実際のところ、キリカさんが言うほど落ち着いてはいないけど。
一方、キリカさんはダイナソーであった。大人の女性として云々かんぬんとか叫んでいる。今にも口から火を吹きそうでちょっと面白い。こんな状況で言うのもなんだけど。
しかし、うん、大人の女性か。この人は器に入れる精神を何処かに置いてきちゃったのかもしれない。立派な器が二つもあるのに。

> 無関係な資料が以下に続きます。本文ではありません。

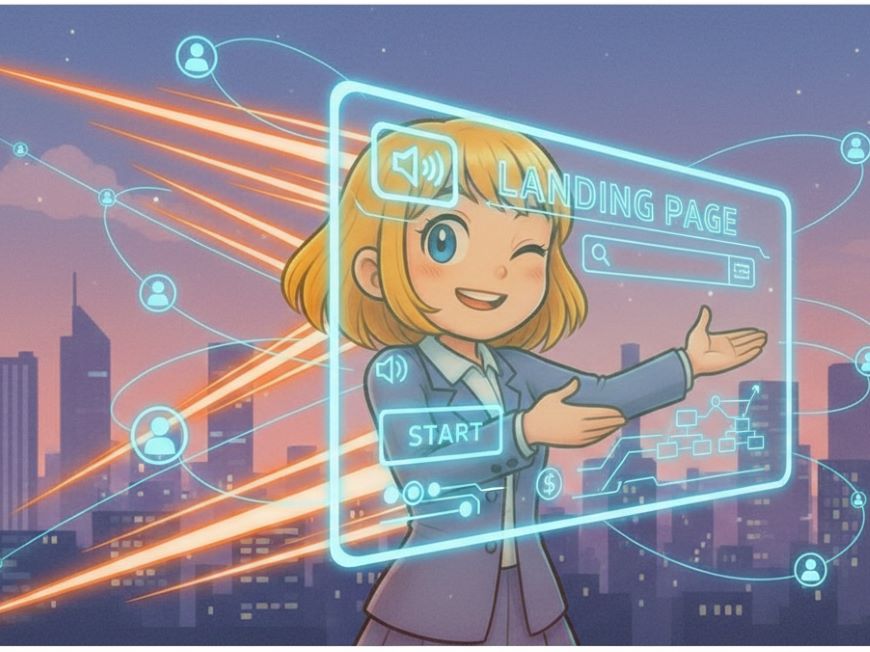 【短期戦略】広告とLPで「売上の初速」を作る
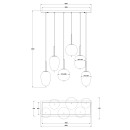 Globo 15345-6 závesný luster Blacky I 6x40W | E14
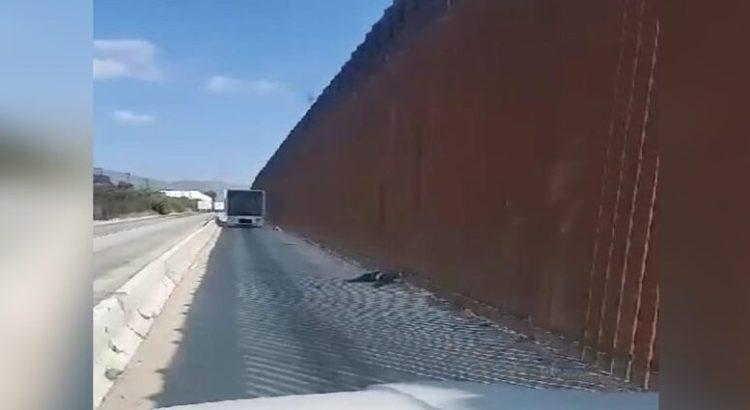 Una mujer perdió la vida luego de caer del muro fronterizo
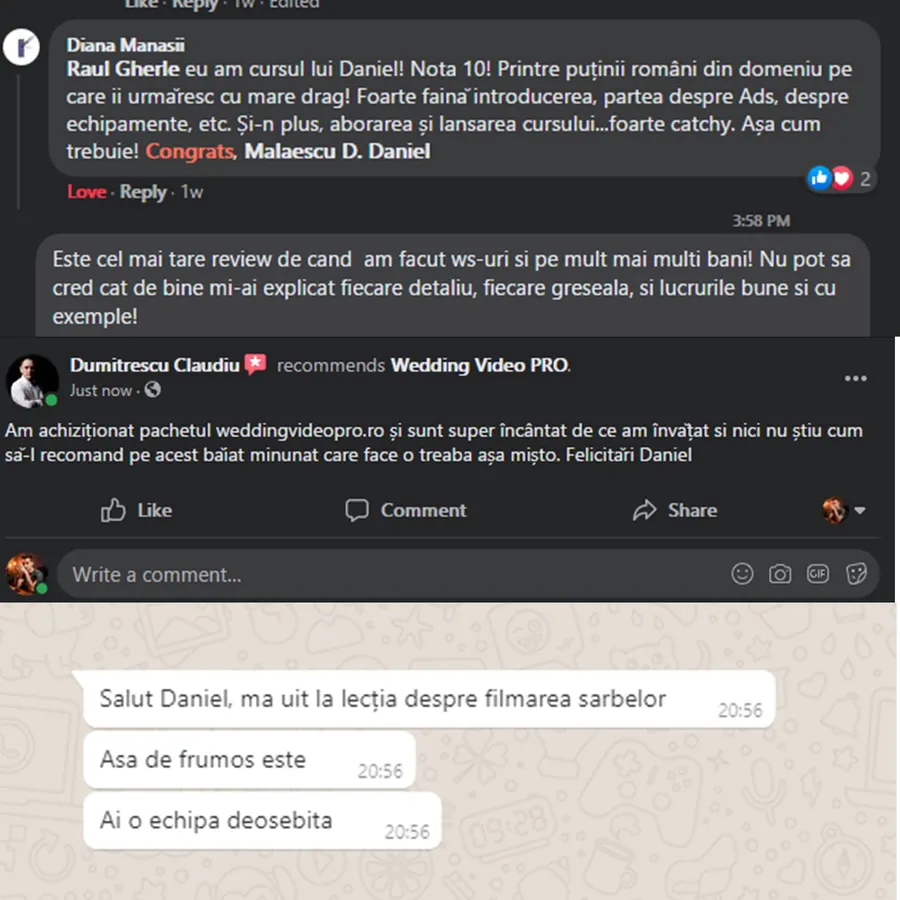 Feedback cursant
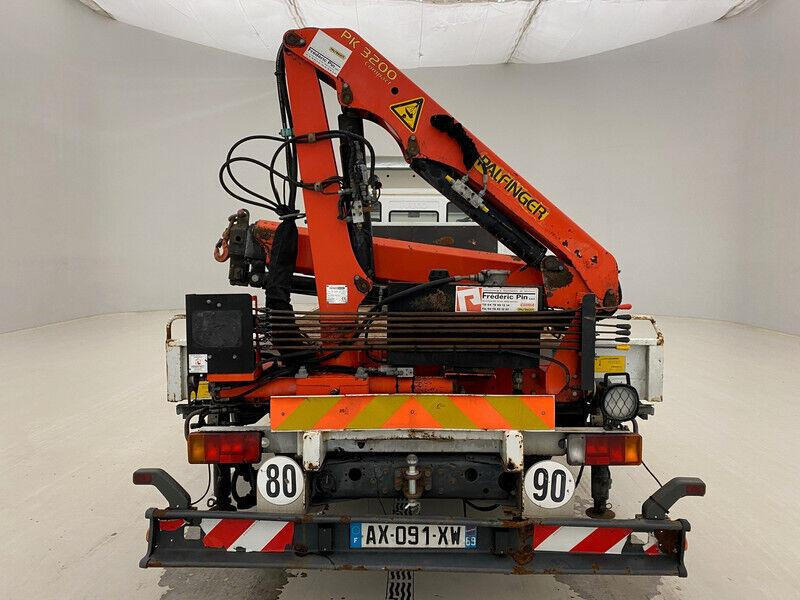 Vrachtwagen met open laadbak, Kraanwagen Iveco Eurocargo 75E18: afbeelding 6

「とにかく……落とし前はつけないとね。ほら、わかるでしょ? お互い事情があるわけじゃない」
「確かにお約束の展開ではありますけども!」
「じゃあ、行くわよ……」
「飛ばしたくない! この思い出は飛ばしたくないですよ! どうしてそんな酷いことが出来るんですか! キリカさんの悪党! 呑んだくれ! ゲロゲロバー!」
涙を流しながら制止しようとする俺を余所にキリカさんは投球フォームに移行する。
何が起きたか。タオルは離れ、肌色が露わになった。
慌てに慌てた結果、左手のタオルを丸めて俺に投げつけることにしたらしい。世が世なら、球界に嵐を巻き起こすこととなるショッキングピンクの左腕と人体を知り尽くした名コーチの出会いだったろうさ。スポーツで根性な世界線ならね。
「悪党で結構だけど……ゲロゲロバー言うなあああああああああああああああああ!!!!!!」
トルネード投法から放たれたタオルは俺の顔面にストライクした。そのまま視界はホワイトアウトである。見かけによらぬ豪腕であった。
「月が! 月が見えたぜダブルムーン!」
こうして俺は抵抗むなしく、風呂上がりの香りの中に沈んだのでした。さらば桃色のメモリーよ。